(Exercise directions) Please restate word for word the lines of the entries below from the one with "Sterling Silver Hetian" to the one with "Lawrenceville Retro Industrial", inclusive, and leave out every picture.
★ ★ ★
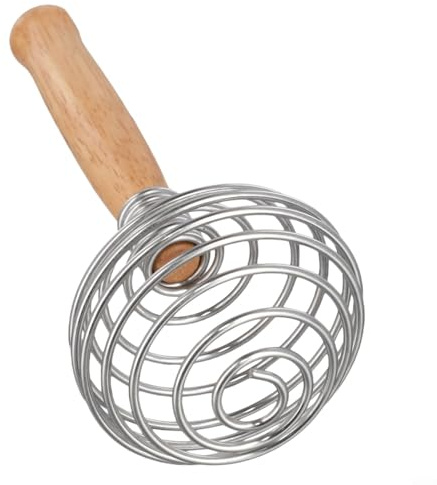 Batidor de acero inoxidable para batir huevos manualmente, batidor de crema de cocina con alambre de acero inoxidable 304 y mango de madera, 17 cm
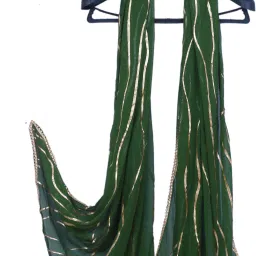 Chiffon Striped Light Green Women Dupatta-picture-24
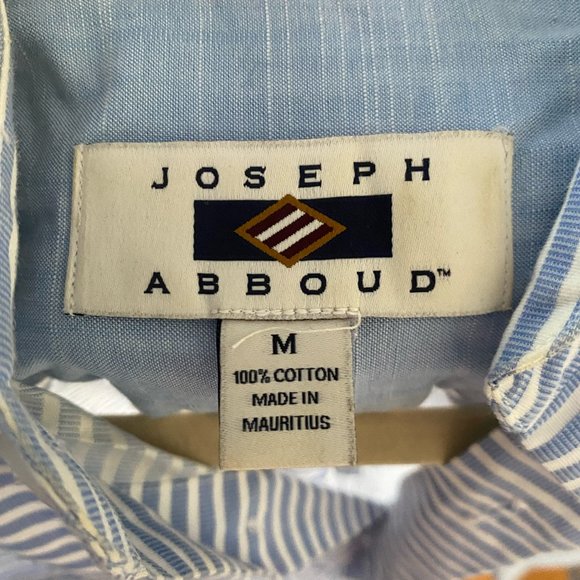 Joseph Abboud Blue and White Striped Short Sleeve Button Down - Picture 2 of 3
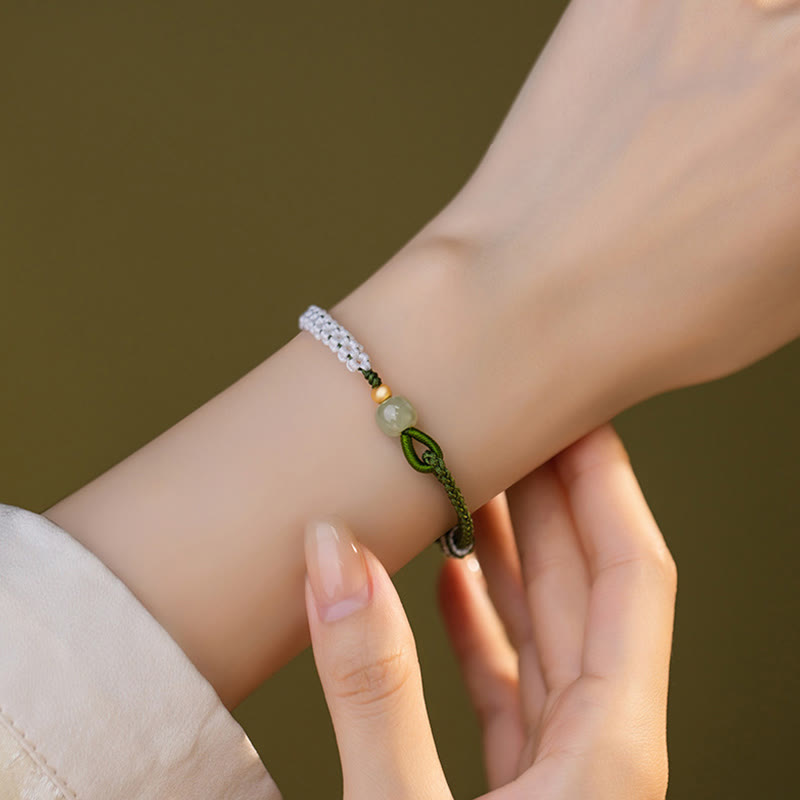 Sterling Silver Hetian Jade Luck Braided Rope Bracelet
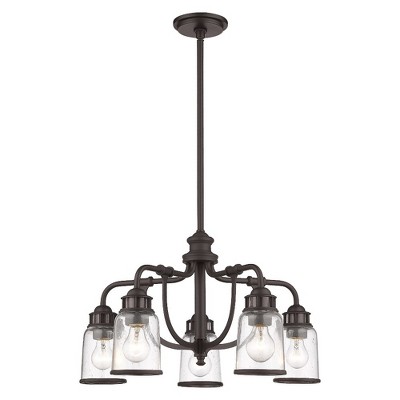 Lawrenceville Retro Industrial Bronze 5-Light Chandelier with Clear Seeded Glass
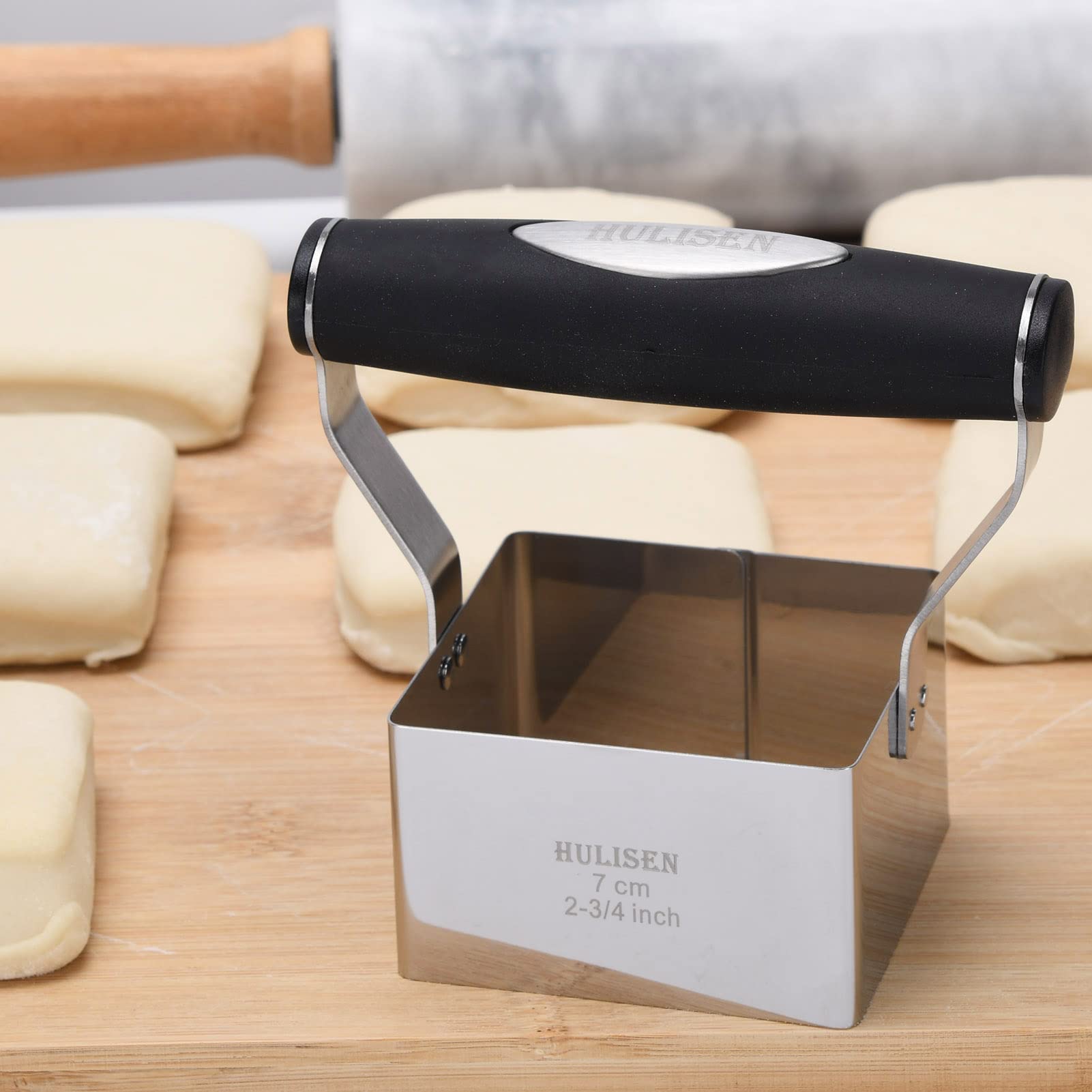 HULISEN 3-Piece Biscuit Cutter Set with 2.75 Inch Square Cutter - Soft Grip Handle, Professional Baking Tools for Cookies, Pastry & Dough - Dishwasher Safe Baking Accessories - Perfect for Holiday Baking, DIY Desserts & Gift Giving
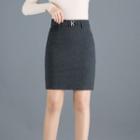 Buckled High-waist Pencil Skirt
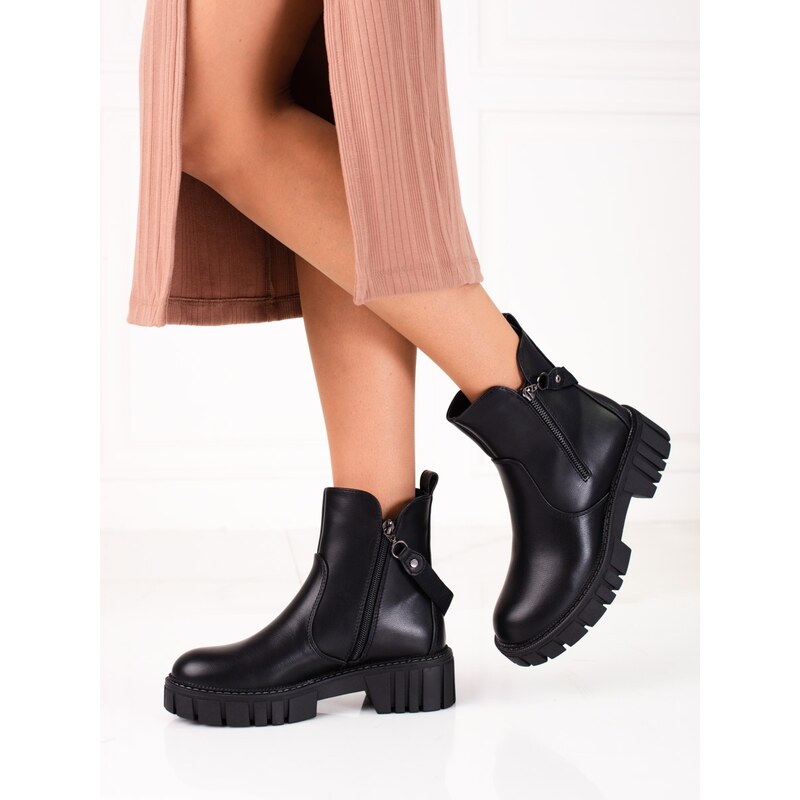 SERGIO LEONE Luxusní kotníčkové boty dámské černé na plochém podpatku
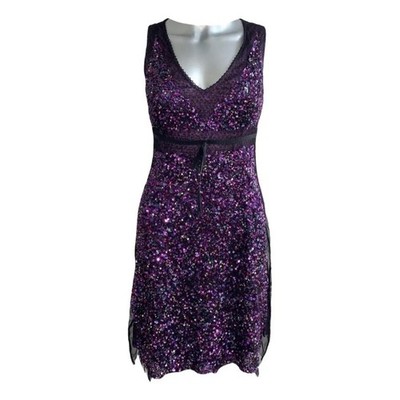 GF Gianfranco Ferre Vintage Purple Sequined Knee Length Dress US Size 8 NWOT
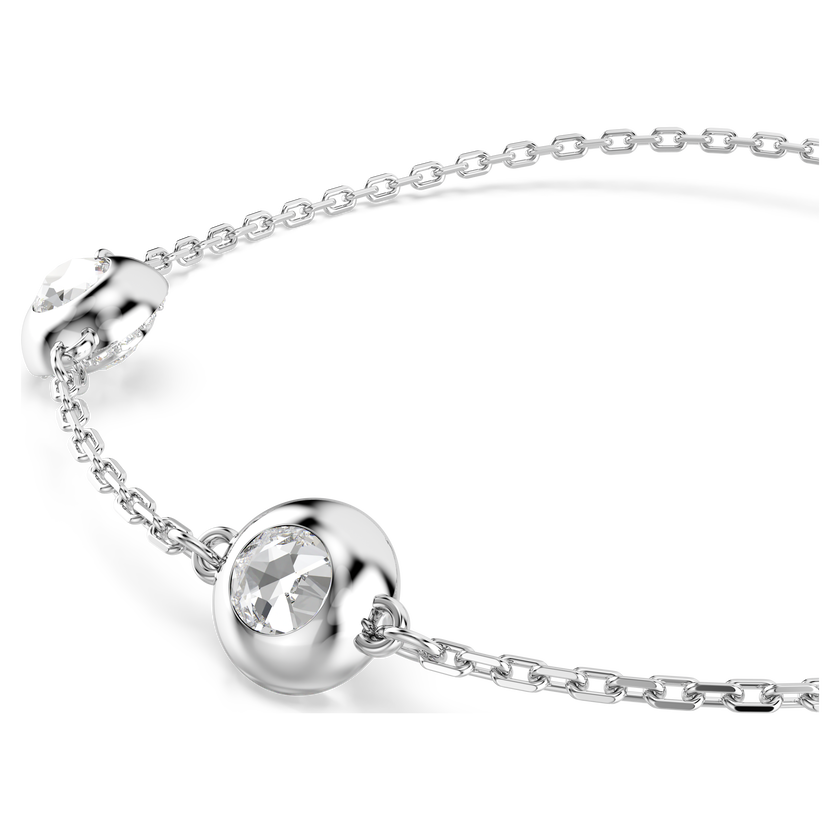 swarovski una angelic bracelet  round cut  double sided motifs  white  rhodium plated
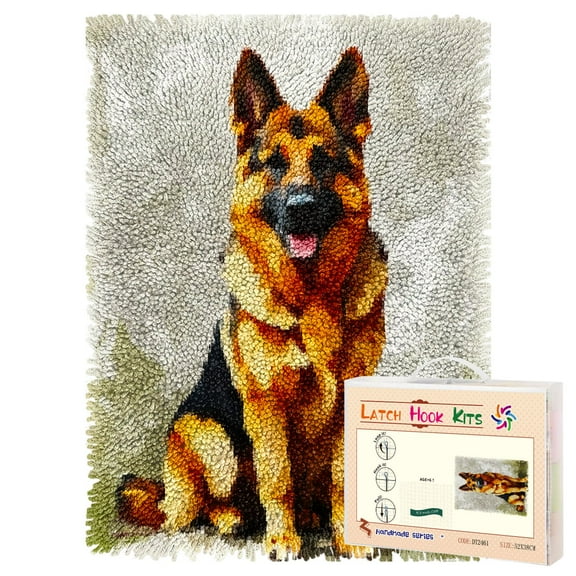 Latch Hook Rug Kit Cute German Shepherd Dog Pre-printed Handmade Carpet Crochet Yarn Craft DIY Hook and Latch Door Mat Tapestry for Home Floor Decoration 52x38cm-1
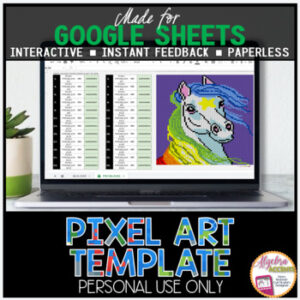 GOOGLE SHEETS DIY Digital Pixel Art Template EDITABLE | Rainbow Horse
★ ★ ★
(Answer box)
 Sterling Silver Hetian Jade Luck Braided Rope Bracelet
 Lawrenceville Retro Industrial Bronze 5-Light Chandelier with Clear Seeded Glass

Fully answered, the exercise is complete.